(Short descriptive text snippets)
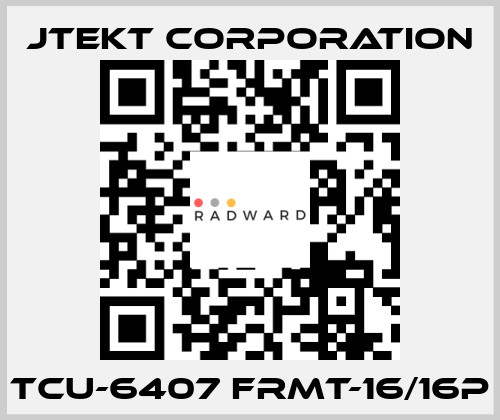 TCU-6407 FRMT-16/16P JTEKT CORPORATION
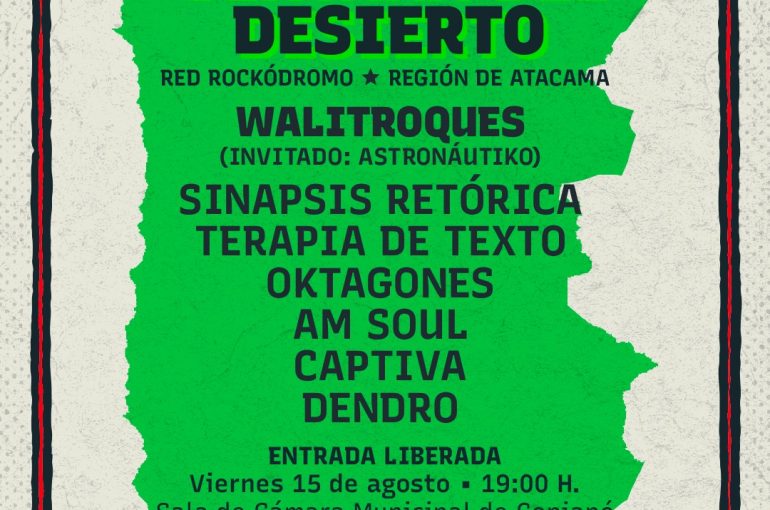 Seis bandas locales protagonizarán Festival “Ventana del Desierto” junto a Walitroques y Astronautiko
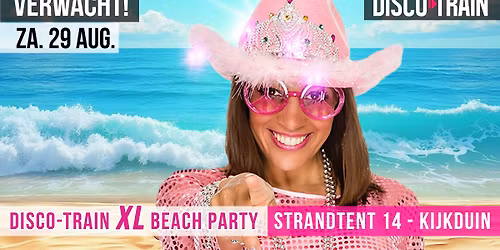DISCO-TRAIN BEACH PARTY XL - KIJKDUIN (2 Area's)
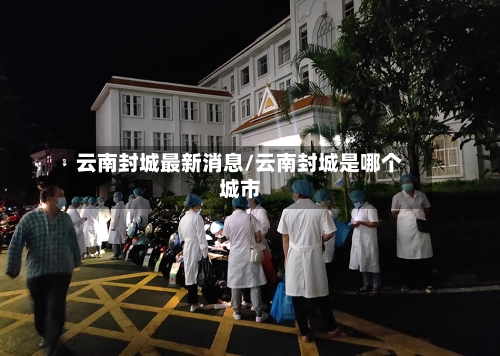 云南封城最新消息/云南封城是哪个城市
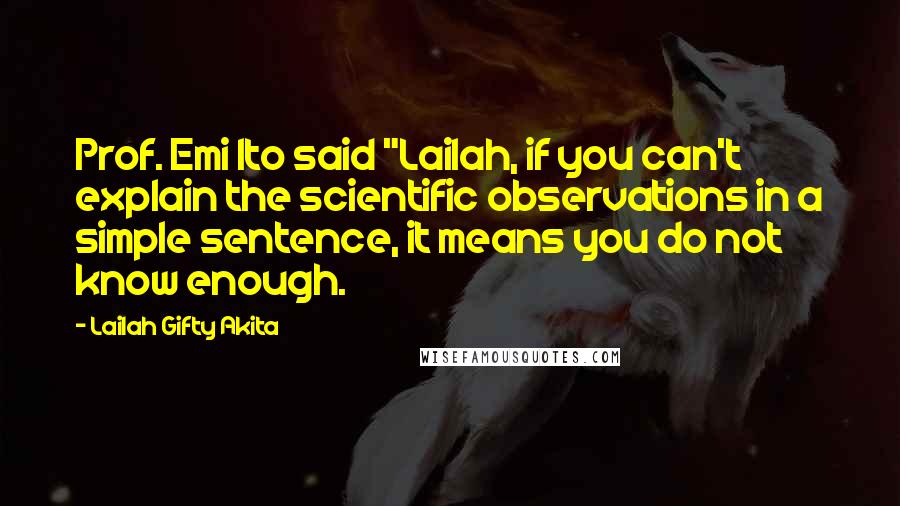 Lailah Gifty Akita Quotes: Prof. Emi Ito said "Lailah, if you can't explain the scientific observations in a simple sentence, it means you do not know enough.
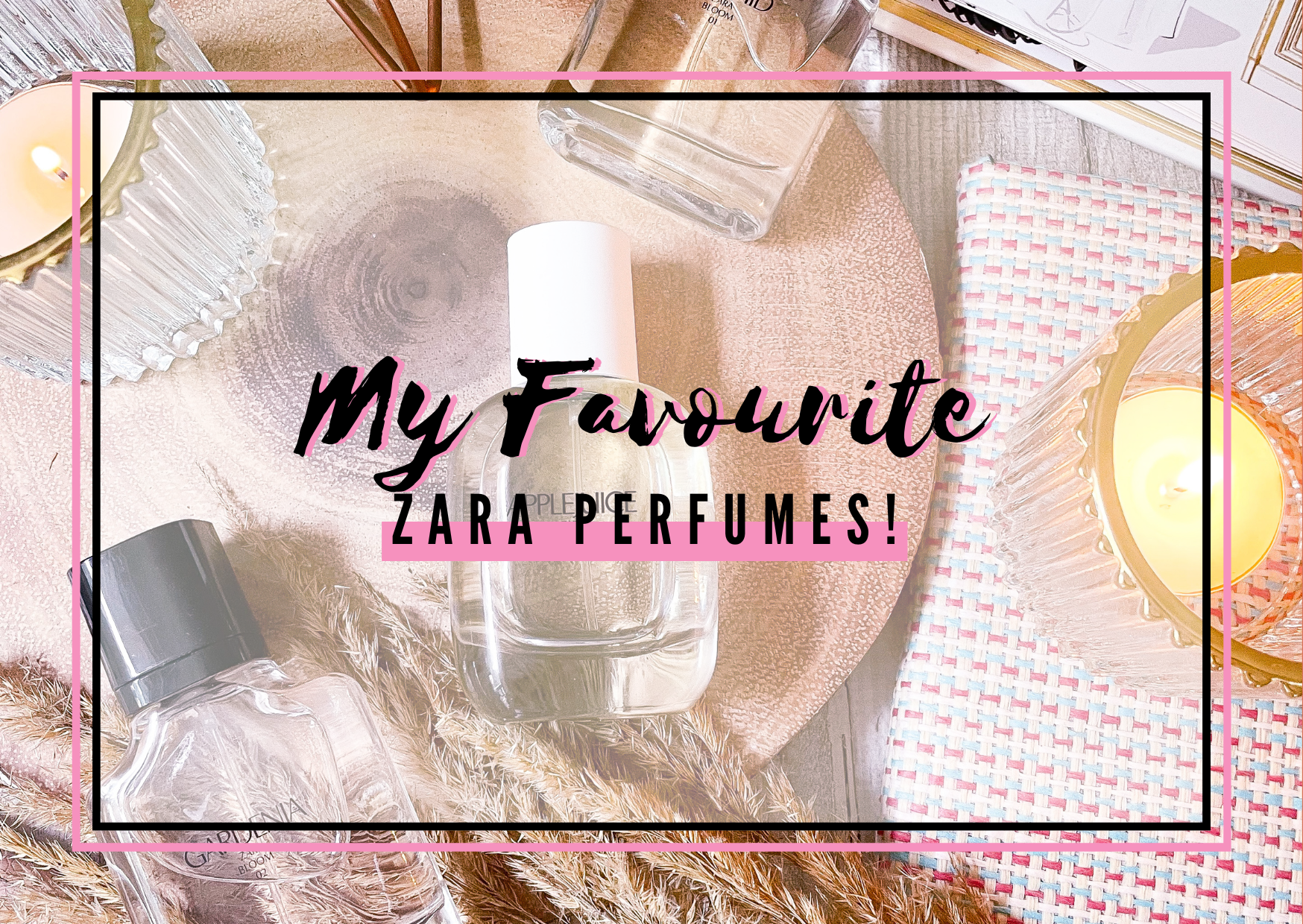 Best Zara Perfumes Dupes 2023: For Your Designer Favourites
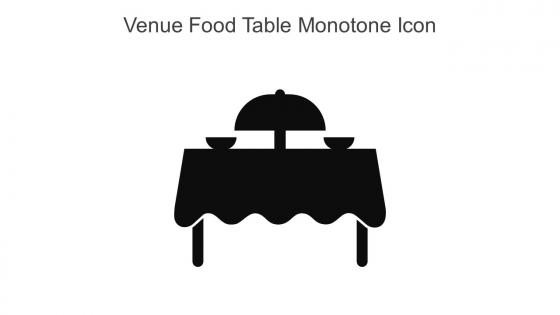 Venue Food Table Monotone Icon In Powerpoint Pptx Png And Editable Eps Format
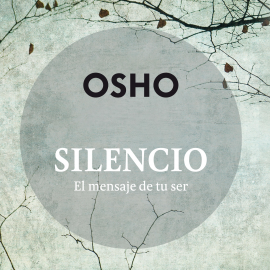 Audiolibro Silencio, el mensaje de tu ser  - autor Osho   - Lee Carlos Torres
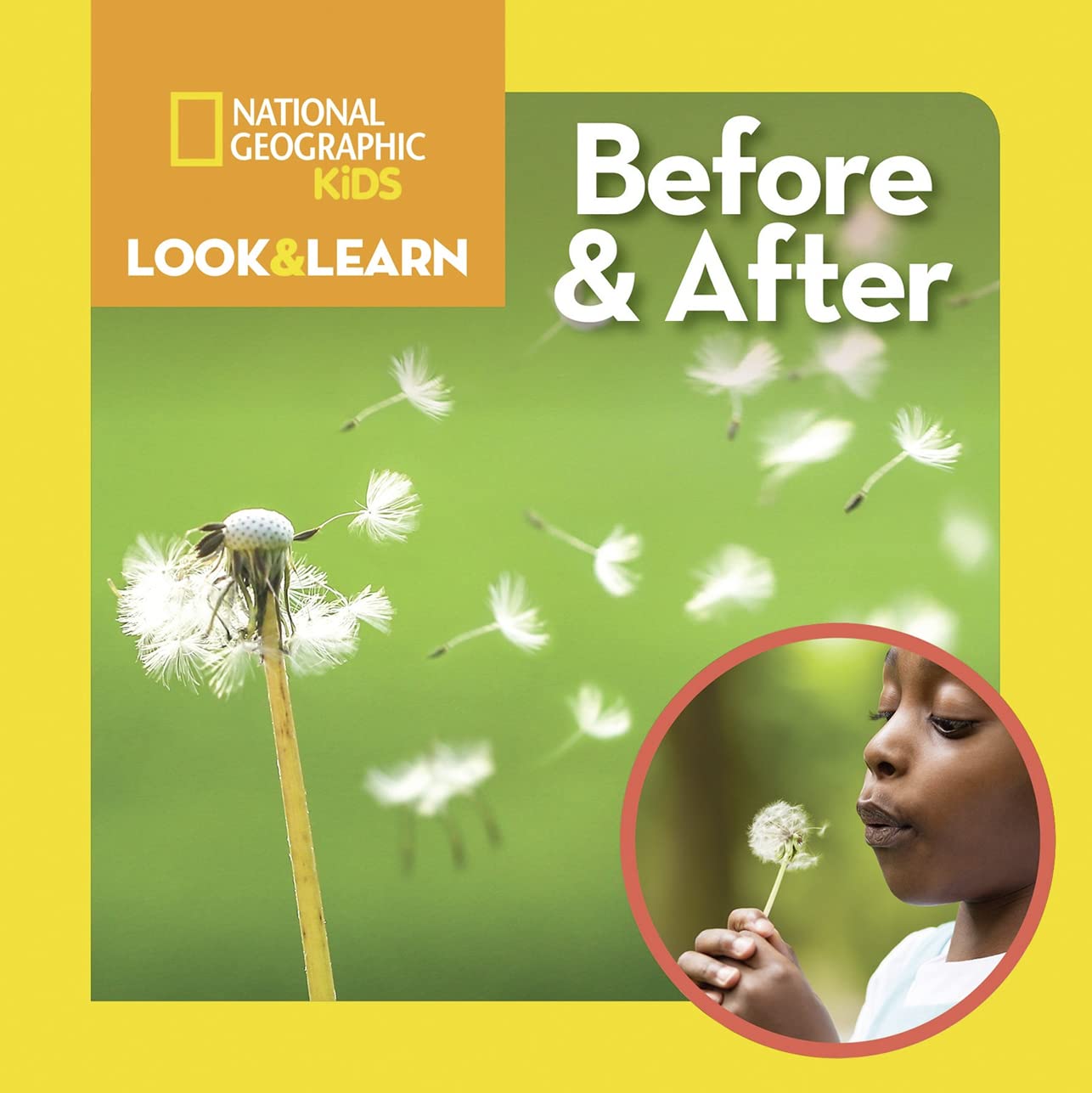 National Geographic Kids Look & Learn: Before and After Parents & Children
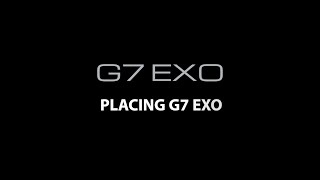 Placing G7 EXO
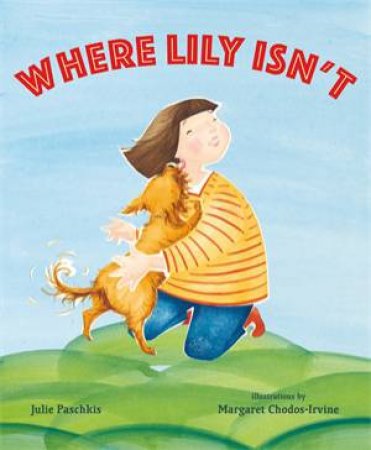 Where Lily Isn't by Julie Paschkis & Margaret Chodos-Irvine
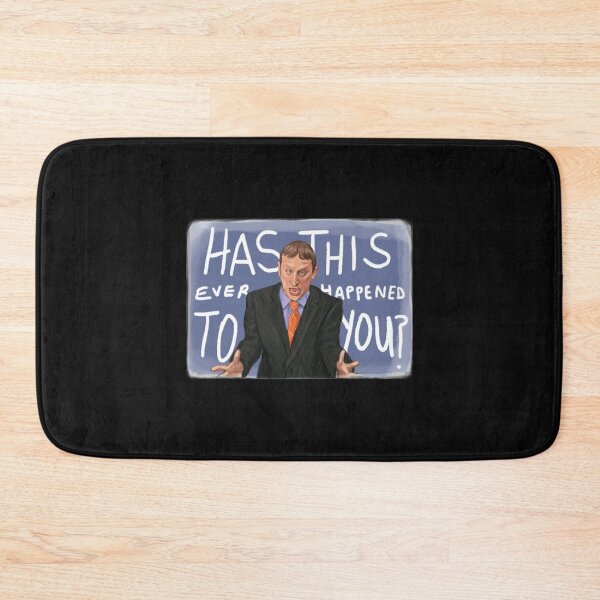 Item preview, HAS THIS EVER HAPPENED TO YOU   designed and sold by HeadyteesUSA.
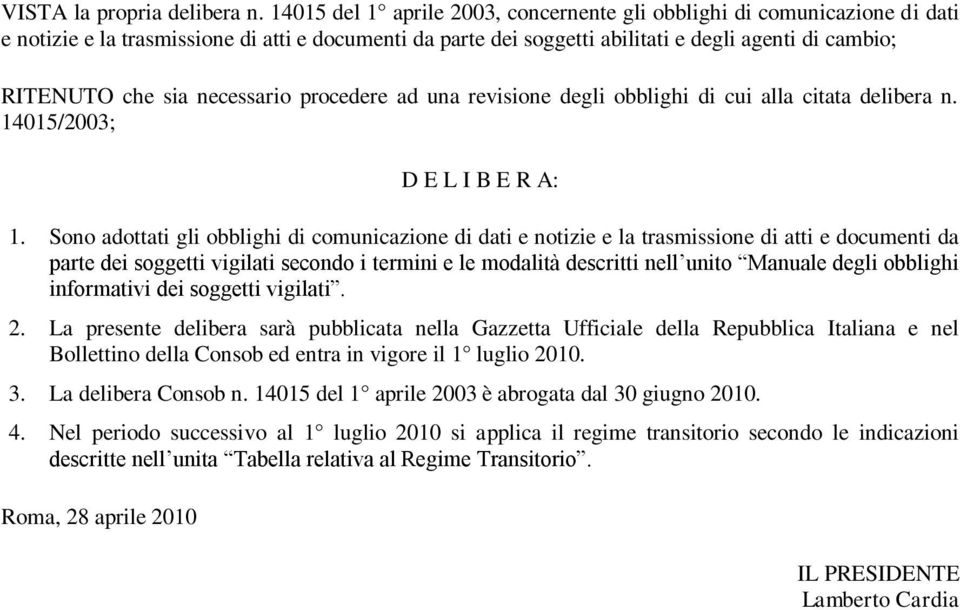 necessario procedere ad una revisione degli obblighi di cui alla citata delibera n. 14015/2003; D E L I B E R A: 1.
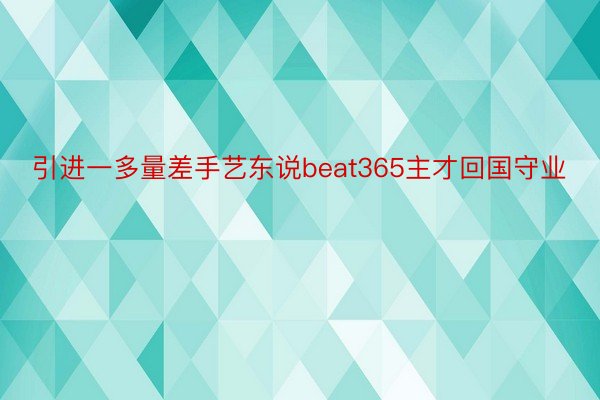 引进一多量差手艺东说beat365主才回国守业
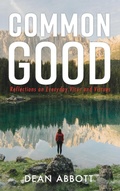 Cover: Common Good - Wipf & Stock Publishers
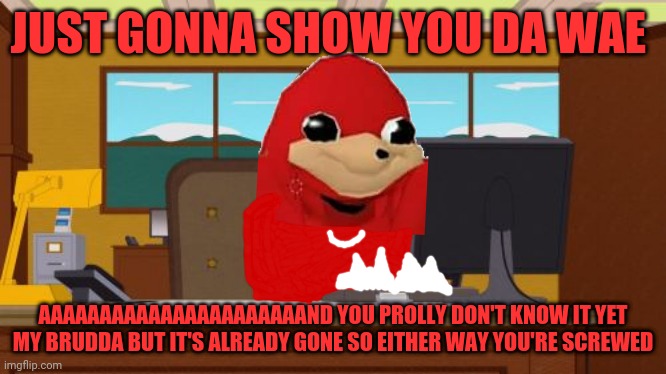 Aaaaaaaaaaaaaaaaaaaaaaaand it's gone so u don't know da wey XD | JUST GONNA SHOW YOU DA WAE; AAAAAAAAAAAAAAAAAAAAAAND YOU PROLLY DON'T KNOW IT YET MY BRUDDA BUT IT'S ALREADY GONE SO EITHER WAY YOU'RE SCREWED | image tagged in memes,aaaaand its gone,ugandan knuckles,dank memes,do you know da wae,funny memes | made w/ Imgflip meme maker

_What needs to be done:_ What is needed is an exact restatement of every line from the one containing "Best Zara Perfumes" through the last line of the records, pictures left out.

_Task response:_
 Best Zara Perfumes Dupes 2023: For Your Designer Favourites
 Venue Food Table Monotone Icon In Powerpoint Pptx Png And Editable Eps Format
 Audiolibro Silencio, el mensaje de tu ser  - autor Osho   - Lee Carlos Torres
 National Geographic Kids Look & Learn: Before and After Parents & Children
 Placing G7 EXO
 Where Lily Isn't by Julie Paschkis & Margaret Chodos-Irvine
 Item preview, HAS THIS EVER HAPPENED TO YOU   designed and sold by HeadyteesUSA.
 necessario procedere ad una revisione degli obblighi di cui alla citata delibera n. 14015/2003; D E L I B E R A: 1.
 引进一多量差手艺东说beat365主才回国守业
 Cover: Common Good - Wipf & Stock Publishers
 Aaaaaaaaaaaaaaaaaaaaaaaand it's gone so u don't know da wey XD | JUST GONNA SHOW YOU DA WAE; AAAAAAAAAAAAAAAAAAAAAAND YOU PROLLY DON'T KNOW IT YET MY BRUDDA BUT IT'S ALREADY GONE SO EITHER WAY YOU'RE SCREWED | image tagged in memes,aaaaand its gone,ugandan knuckles,dank memes,do you know da wae,funny memes | made w/ Imgflip meme maker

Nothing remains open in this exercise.